YOUR INSTRUCTIONS.
Repeat exactly, and only, the lines of the entries below from the one with "23922 Lakeside Rd, Valencia, CA" through the one with "The groom, Kyle, leans", both ends included.

Short text fragments from websites:
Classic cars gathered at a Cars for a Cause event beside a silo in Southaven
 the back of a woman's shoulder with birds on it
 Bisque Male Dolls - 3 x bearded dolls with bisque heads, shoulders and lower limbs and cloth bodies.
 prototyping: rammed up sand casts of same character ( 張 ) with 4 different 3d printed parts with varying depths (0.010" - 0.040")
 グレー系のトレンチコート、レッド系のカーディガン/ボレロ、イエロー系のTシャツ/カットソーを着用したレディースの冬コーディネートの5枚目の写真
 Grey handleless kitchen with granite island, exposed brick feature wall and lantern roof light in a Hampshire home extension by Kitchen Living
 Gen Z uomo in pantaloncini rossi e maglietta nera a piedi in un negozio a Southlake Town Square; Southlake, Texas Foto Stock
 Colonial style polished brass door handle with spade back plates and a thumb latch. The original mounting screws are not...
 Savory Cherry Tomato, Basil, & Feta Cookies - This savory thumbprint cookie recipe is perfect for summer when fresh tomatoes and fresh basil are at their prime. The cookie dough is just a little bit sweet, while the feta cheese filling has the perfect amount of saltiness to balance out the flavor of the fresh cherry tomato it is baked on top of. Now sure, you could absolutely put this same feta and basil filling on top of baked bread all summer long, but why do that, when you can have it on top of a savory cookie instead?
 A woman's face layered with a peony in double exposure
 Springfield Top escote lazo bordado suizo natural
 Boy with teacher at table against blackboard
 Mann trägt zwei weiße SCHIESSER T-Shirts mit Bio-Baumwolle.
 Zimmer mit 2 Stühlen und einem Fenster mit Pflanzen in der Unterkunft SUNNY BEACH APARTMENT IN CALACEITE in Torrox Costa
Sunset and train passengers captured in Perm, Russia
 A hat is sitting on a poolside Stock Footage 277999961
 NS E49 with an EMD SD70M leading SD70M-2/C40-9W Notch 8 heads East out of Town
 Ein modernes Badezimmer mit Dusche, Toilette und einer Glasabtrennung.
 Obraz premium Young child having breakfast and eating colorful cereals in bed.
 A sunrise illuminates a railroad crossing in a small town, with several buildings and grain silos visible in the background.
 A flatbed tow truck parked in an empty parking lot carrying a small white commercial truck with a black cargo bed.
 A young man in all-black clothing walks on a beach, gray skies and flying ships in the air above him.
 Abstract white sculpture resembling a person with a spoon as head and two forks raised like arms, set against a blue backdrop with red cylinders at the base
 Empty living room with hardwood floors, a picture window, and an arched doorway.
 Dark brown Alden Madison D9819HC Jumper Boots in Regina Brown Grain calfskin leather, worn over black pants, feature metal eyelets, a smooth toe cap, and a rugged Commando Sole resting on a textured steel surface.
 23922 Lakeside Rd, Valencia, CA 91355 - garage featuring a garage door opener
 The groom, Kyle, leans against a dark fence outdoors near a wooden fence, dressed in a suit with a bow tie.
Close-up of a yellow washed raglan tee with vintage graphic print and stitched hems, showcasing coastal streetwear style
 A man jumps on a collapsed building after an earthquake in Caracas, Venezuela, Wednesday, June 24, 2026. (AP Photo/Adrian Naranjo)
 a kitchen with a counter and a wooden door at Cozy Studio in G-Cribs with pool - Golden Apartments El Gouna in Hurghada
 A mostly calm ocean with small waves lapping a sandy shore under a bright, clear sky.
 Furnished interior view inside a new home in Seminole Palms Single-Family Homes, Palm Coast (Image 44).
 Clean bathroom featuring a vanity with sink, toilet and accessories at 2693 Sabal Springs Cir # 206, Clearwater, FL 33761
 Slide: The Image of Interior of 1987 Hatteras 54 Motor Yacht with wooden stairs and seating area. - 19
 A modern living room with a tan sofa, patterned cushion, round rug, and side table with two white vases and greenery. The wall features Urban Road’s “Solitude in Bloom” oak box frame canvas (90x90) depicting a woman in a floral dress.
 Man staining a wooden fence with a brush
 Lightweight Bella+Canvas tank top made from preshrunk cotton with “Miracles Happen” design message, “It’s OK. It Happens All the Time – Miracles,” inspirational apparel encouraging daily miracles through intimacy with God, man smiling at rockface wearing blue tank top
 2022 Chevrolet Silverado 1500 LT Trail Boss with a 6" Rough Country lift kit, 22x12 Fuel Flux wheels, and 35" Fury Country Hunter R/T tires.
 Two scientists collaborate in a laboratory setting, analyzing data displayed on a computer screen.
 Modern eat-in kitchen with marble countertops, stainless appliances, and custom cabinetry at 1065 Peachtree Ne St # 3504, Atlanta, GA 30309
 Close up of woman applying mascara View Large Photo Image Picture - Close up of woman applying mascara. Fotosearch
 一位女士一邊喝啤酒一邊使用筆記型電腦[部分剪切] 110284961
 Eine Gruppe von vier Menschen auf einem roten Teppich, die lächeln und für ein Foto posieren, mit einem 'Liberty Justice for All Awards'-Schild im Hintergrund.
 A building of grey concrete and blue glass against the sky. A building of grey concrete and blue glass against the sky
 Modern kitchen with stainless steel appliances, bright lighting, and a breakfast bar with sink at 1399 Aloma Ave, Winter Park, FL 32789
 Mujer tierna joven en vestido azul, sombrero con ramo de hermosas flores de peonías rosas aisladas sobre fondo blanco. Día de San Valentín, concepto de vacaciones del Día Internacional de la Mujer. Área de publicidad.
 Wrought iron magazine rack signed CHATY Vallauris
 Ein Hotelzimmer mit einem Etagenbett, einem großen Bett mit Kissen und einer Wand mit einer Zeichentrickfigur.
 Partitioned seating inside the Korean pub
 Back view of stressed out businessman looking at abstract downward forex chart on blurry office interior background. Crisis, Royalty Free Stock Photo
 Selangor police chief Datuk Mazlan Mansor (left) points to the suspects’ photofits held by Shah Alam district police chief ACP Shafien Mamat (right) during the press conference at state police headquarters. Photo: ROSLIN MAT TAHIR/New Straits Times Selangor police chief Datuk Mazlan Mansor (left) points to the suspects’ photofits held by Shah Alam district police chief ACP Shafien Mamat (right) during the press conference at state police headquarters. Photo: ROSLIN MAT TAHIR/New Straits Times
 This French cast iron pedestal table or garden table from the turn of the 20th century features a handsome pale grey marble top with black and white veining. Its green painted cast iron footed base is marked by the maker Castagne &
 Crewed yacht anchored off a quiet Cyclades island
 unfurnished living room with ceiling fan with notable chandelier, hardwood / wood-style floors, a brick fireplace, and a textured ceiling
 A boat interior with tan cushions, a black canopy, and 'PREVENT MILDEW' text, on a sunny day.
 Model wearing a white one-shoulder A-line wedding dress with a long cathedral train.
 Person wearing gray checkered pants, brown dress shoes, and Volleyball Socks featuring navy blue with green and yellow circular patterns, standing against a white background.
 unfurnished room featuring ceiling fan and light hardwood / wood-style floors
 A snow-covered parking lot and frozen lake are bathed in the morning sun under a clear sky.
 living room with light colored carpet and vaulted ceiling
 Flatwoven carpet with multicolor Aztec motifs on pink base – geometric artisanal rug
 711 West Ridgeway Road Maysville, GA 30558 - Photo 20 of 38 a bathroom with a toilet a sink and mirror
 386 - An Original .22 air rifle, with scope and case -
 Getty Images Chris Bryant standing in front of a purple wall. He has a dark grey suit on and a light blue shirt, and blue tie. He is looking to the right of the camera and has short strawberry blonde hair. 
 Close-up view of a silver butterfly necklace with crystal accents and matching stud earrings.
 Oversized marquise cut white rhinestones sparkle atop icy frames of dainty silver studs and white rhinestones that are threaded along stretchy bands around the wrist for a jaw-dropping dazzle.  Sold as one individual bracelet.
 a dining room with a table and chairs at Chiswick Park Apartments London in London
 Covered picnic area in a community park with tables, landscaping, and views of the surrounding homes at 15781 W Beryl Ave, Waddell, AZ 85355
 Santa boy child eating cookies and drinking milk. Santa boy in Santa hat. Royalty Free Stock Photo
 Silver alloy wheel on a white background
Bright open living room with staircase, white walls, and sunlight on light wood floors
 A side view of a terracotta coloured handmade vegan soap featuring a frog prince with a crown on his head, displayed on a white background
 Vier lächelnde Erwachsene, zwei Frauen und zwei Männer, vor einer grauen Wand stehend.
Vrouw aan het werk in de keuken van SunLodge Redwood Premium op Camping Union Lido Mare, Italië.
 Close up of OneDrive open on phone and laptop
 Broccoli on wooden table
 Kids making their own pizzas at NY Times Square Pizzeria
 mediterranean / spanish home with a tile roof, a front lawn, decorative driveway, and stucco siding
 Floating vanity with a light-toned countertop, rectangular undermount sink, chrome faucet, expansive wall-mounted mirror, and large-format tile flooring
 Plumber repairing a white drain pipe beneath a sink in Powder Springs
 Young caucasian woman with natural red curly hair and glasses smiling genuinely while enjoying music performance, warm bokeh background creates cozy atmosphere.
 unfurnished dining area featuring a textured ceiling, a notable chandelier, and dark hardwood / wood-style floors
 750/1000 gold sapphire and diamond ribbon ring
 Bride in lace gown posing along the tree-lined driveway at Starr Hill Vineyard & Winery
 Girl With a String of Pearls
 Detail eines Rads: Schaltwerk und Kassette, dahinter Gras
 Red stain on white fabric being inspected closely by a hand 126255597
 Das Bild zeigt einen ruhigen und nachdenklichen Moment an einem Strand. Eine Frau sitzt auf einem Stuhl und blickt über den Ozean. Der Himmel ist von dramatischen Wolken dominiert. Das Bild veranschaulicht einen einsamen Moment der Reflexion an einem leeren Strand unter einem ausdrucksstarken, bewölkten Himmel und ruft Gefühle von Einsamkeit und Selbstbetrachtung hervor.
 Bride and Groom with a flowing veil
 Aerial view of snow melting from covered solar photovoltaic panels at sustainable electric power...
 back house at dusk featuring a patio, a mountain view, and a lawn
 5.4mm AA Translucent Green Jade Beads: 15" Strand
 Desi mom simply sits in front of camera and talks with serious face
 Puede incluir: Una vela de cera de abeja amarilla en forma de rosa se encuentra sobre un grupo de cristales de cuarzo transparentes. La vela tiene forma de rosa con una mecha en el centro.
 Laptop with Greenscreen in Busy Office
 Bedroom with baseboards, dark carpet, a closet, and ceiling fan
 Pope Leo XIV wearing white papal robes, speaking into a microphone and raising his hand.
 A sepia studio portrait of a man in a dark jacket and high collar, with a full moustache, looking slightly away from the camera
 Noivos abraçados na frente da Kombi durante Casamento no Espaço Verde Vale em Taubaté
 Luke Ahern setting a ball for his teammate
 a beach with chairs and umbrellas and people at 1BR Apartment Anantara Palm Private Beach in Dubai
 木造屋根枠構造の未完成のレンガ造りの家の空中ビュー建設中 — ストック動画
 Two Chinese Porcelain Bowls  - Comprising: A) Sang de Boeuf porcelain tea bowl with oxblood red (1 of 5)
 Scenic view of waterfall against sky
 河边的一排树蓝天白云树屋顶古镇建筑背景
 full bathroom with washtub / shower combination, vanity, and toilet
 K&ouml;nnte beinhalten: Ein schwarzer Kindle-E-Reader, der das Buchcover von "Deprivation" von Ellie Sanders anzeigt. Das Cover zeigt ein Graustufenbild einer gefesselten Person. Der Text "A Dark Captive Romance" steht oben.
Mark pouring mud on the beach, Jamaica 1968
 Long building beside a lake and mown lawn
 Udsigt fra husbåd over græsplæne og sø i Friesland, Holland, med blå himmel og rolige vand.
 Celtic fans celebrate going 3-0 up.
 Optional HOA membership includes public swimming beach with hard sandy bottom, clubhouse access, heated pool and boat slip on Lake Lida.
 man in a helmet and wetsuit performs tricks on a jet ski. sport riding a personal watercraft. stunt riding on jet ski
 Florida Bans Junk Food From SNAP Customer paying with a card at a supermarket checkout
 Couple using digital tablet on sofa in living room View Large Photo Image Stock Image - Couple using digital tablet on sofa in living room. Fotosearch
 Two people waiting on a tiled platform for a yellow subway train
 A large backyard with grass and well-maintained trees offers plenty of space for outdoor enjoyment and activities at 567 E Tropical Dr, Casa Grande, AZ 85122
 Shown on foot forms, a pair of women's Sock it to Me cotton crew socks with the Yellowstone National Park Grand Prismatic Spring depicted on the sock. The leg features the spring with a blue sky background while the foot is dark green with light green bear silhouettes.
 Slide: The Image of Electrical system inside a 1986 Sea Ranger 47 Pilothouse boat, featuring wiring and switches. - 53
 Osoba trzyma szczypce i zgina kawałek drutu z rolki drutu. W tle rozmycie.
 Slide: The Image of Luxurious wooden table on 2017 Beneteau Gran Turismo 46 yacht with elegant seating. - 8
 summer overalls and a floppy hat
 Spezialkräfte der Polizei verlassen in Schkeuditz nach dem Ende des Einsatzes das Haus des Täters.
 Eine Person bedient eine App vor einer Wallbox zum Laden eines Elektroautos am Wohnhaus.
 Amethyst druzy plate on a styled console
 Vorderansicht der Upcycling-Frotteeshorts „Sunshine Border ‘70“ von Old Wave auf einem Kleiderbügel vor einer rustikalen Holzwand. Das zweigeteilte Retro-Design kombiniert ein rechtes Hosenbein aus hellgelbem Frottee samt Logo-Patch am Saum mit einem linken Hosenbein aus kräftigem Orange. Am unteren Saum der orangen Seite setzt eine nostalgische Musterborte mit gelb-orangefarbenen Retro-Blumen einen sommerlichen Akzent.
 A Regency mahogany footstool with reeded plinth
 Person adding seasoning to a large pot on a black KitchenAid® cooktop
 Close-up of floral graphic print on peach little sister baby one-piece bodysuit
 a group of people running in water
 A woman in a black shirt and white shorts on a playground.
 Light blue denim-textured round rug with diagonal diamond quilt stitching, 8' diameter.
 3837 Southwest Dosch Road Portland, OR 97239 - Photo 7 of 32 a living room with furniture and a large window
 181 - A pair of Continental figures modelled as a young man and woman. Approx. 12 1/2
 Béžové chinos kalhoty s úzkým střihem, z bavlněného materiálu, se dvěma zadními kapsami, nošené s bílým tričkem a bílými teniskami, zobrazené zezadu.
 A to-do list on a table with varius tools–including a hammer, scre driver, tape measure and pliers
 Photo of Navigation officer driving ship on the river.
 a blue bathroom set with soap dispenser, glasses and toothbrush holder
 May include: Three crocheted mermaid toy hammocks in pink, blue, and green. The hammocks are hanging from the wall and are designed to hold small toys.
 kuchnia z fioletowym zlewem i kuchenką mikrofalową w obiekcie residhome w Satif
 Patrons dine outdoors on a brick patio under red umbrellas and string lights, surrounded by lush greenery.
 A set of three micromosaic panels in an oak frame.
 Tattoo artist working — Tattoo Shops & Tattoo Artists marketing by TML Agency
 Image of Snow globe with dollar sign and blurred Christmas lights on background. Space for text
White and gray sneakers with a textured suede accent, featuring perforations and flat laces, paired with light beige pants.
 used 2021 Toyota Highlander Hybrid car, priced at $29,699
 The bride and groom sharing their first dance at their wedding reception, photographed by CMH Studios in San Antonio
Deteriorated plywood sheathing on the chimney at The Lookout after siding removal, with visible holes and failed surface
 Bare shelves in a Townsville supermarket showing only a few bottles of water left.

OUTPUT BELOW.
 23922 Lakeside Rd, Valencia, CA 91355 - garage featuring a garage door opener
 The groom, Kyle, leans against a dark fence outdoors near a wooden fence, dressed in a suit with a bow tie.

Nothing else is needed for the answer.